A Saskatchewan court has struck down a provincial law that limited the ability of public service employees to go on strike.
In a
decision released Feb. 6, Court of Queen’s Bench Justice Dennis Ball found the province’s new essential services legislation had “significantly deleterious effects on protected rights” under the Charter of Rights and Freedoms.
“This is an extremely important decision for working people, not only in Saskatchewan, but for those across the country,” said Larry Hubich, president of the Saskatchewan Federation of Labour, in a media release. “The charter is the highest law in Canada, and we must always be vigilant when governments propose to limit people’s basic rights as Canadian citizens.”
In 2008 the province’s labour movement launched a charter challenge against two pieces of labour legislation — Bill 5: the Public Service Essential Services Act and Bill 6: the Trade Union Amendment Act, introduced by the newly-elected Saskatchewan Party government in December 2007.
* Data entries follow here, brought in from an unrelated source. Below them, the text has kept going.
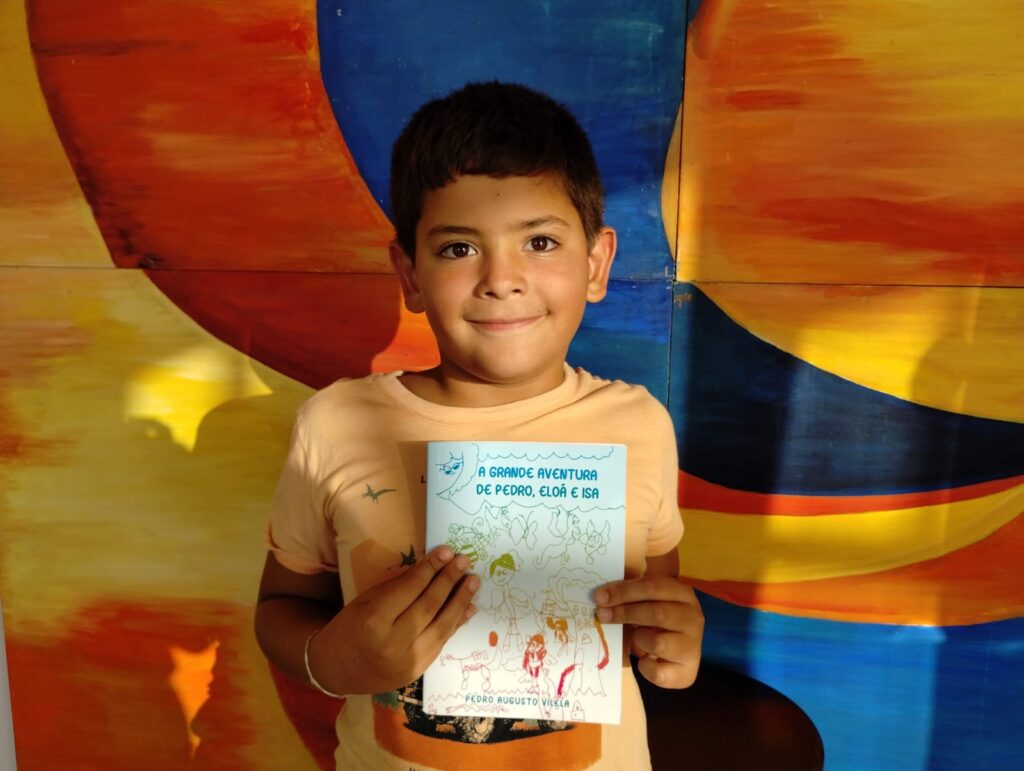 Criança de Alpinópolis desenvolve livro para colorir com renda para o HRC Passos - Foto: divulgação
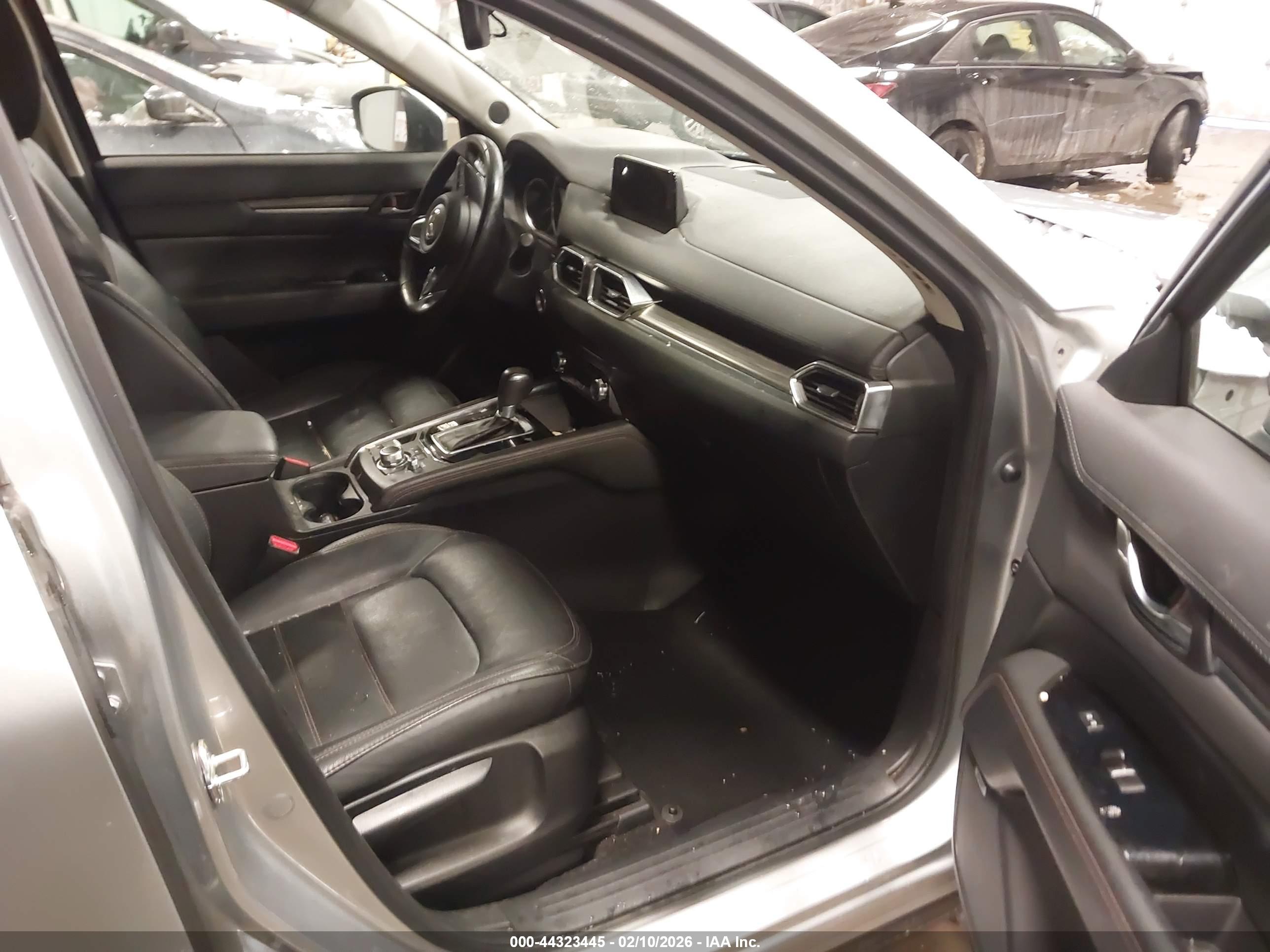 MAZDA CX-5 image 5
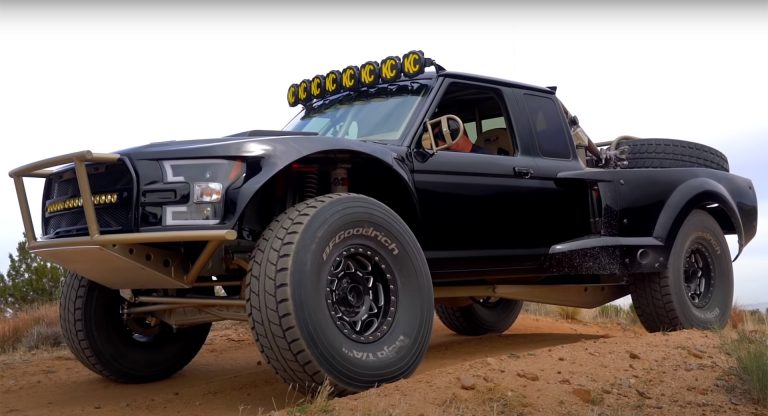 Youd Never Guess But Theres A Ford Ranger Under This Wild Hp Trophy Truck Carscoops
The unions argued the laws effectively abrogated workers’ freedom to organize, to bargain collectively and to strike.
Essential services legislation exists in every jurisdiction except Saskatchewan, but the unions asserted Bill 5 prohibited the right to strike by too broad a range of public service employees, lacked a dispute resolution process to address employer designations of essential service workers, and was implemented without union consultation.
Although Justice Ball found elements of Bill 5 violated the charter and declared the act invalid, he granted 12 months for the province to revise the legislation. The government said it is appealing the judge’s ruling.
The second part of the judge’s decision upheld Bill 6 that now changes the process for union certification in Saskatchewan.
Before the amendments to the Trade Union Act were introduced, a trade union seeking certification was required to file support cards signed by at least 25 per cent of employees within six months of the application.
The new requirements raise the minimum support level to 45 per cent, reduce the validity of support cards to three months, and makes voting on an application a mandatory secret ballot, a process unions said in affidavits filed with the court that “swings the labour relations pendulum” towards employer interests at the expense of unions and workers. They argued the provisions for certification introduced by the amendments are so onerous that they infringe on workers’ freedom to organize.
Justice Ball found no infringement on the rights of workers and dismissed the unions’ claim that some or all of the provisions were constitutionally invalid.